そのあたりを、実際の症例を多く見てこられている
内田医師は 以下のように述べています。
”胃は胃液と食べ物をよく混ぜ合わせ、酸性の
ドロドロ状にして、12指腸へ送り出します。
胃液に含まれている塩酸は、相当 強い酸ですが、
正常な胃の粘膜は、傷つくことはありません。
これは、プロスタグランディンという物質の働きで
細胞レベルの防御が行われ粘液中の 重炭酸イオンの
働きで、胃酸が中和されるために、胃壁がきずかない
ようになっているといわれます。
酸やペプシンといった 粘膜を傷つける 攻撃因子
と、粘液分泌、粘膜抵抗 などの防御因子とのバランスが
崩れ、攻撃因子が 優位に立ったときに、潰瘍ができる
というのが生理学の教えるところですが、どうして
そういう作用が起こるのか、その機序については、
まだ、明らかではありません。
しかし、心身相関 の問題が判ってきますと この機序
が自ずから解明されてまいります。
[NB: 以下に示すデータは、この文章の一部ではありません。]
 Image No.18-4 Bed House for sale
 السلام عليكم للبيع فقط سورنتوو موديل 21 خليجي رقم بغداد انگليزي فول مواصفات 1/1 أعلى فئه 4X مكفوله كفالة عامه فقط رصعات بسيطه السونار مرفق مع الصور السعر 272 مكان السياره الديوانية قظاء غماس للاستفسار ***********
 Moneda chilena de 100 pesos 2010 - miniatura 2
ストレスの波を
小さくするよう、心に余裕のある生き方を試みるように
なりますと、胃潰瘍になりにくくなり、なっても、
速く 軽快 します。”
さらに、胃潰瘍は ストレスの積み重ね と言われて
いたが、現場から、瞬時に発病する場合もあることを
内田医師は認めています。
”胃潰瘍が全治されて、退院した患者さんが自宅に
つくや、家族との間で口論になり、’長い間、家を留守にして、
自分だけ気楽に入院しやがって、わしがどんなに困ったか、
くそたれ!’
と激しい言葉のやりとりがあったというのです。
すると、急に胃が痛みだし、救急車で再入院され、直ちに
胃カメラで調べたところ、かなり大きな真っ赤になった、
潰瘍が新しくできていて、驚いたことがありました。”
逆もまた、真なりで、心の波動が変わった途端、急激に
病状が良くなったという例もあります。
次回はその実例を挙げていきます。
参考資料: ”生命医療を求めて” 内科医 内田久子著
平成7年11月1日18刷発行 発行所 日本教文社
内田医師について: 昭和2年大阪生まれ・
昭和25年大阪女子高等医学専門学校(現在関西医大)を卒業。
その後 大阪大学附属病院、池田市立病院、国立療養所、
私立病院内科部長を経て講演活動も行った。